┌──

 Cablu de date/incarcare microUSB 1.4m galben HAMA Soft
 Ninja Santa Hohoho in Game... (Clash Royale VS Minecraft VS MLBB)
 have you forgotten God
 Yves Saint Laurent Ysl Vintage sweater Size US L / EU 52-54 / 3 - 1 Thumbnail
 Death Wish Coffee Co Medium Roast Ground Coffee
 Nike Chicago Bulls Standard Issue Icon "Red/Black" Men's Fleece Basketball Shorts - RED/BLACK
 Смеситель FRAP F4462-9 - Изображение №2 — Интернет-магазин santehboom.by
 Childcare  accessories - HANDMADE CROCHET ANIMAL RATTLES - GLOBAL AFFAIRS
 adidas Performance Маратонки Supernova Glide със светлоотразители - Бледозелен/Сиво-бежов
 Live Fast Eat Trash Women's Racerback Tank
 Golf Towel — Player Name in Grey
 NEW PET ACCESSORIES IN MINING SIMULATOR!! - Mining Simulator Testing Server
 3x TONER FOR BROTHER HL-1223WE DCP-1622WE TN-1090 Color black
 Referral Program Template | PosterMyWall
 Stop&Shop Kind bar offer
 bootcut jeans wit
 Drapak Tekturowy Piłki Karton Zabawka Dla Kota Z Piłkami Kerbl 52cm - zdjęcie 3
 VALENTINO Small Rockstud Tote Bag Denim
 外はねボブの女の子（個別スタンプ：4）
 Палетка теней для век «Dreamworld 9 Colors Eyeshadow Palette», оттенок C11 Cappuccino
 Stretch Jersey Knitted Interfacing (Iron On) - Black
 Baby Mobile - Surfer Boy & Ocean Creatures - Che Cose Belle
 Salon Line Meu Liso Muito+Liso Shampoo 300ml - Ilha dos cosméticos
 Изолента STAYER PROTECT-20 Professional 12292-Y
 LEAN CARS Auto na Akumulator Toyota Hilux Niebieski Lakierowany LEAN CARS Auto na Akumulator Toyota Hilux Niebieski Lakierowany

└──

Copy out every line from the one containing "Stretch Jersey Knitted" to the end of the material, both ends included.

 Stretch Jersey Knitted Interfacing (Iron On) - Black
 Baby Mobile - Surfer Boy & Ocean Creatures - Che Cose Belle
 Salon Line Meu Liso Muito+Liso Shampoo 300ml - Ilha dos cosméticos
 Изолента STAYER PROTECT-20 Professional 12292-Y
 LEAN CARS Auto na Akumulator Toyota Hilux Niebieski Lakierowany LEAN CARS Auto na Akumulator Toyota Hilux Niebieski Lakierowany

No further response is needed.